By L.A. Williams, Correspondent
Christian Action League
August 21, 2013
RALEIGH — Eleanor Kinnaird resigned Monday after 17 years in the N.C. Senate, announcing plans to spend her time helping Democrats to get elected statewide and working to ensure that Tar Heel residents are not disenfranchised by the recently passed Voter ID bill.
“I have greatly appreciated serving with my fellow legislators and all the elected officials in the District as we have worked for the good of our constituents. I also have appreciated the many people who have contacted me over the years as we worked together for good legislation,” said the ninth-term, 23rd District Senator as she announced her departure.
The Rev. Mark Creech, executive director of the Christian Action League, said he has great respect for Senator Kinnaird.
“It’s no secret that we starkly stand on opposite sides of many issues and differ in our perceptions of how best to improve the great state of North Carolina, but I’ve never questioned Sen. Kinnaird’s passion for the people of this state,” said Dr. Creech. “I so appreciate the times when we found common ground to work together.”
Sen. Kinnaird opposed the Marriage Amendment, supported the Racial Justice Act and was frequently endorsed by Equality North Carolina and Planned Parenthood Action Fund among others. Her district, which included Orange and Chatham counties, is arguably the most liberal area of the state.
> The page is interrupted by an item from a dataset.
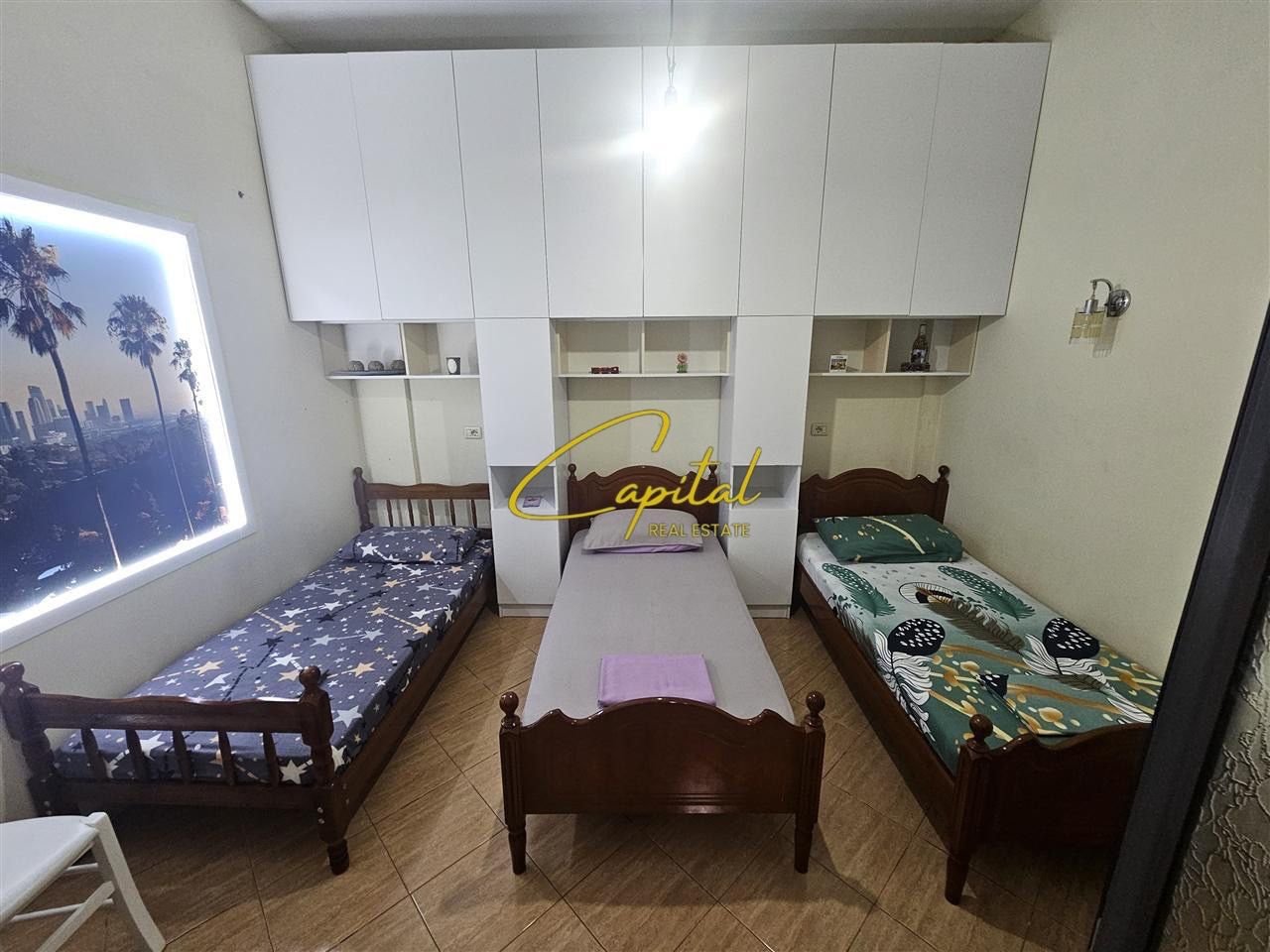APARTAMENT ME QERA 2+1 RRUGA KONGRESI I MANASTIRIT 50.000 LEKE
Nonetheless, for years she worked side by side with the Christian Action League and other organizations passionate about stopping human trafficking, efforts that resulted in two significant bills passed this year: S 122, which places those convicted of trafficking on the sex offender registration; and S 683, which offers immunity for minors forced into prostitution, toughens penalties for traffickers, pimps and johns, and helps victims receive services and restitution.
Among the most recent of her dozens of awards for legislative and community service work, Sen. Kinnaird received certificates of recognition from Partners Against Trafficking Humans in N.C. (PATH) in 2012 and 2013.
An 81-year-old mother of three sons and grandmother of three, Sen. Kinnaird worked as a legal services lawyer and later in private practice. She is also a former educator and music librarian. An advocate of electoral reform and environmental protection and a vocal opponent of the death penalty, she has been involved in community service since she joined the League of Women Voters in 1964.
As a Senator, Kinnaird prided herself on working for the people of her district and not special interests.
“I have fought for open and honest government, for a quality education for all, for a robust economy with good jobs in the industries of the future, for a healthy environment, for equal opportunity and equal protection under the law and as an advocate for those with little hope,” she wrote on her web site.
Frustrated by the Election Reform Bill passed by Republicans this year and signed by the Governor Aug. 12, Sen. Kinnaird told reporters she wanted to spend her time working aggressively against what she called “voter suppression,” with a project to help people get the photo identification required to cast a ballot beginning in 2016.
As early as 2007, she had talked about ending her Senate career, with hopes that a female candidate would take up the torch in 2008. When none did, she ran again in 2010 and 2012 as well.
It will be up to a Democratic committee in District 23 to choose Kinnaird’s replacement.
“While we would hope for a lawmaker with a more conservative philosophy, we could not hope for a better person than Ellie Kinnaird,” said Dr. Creech. “You don’t have to always agree politically to recognize a decent human being when you see one. I commend Senator Kinnaird for her public service and the Christian Action League wishes the Senator all the best.”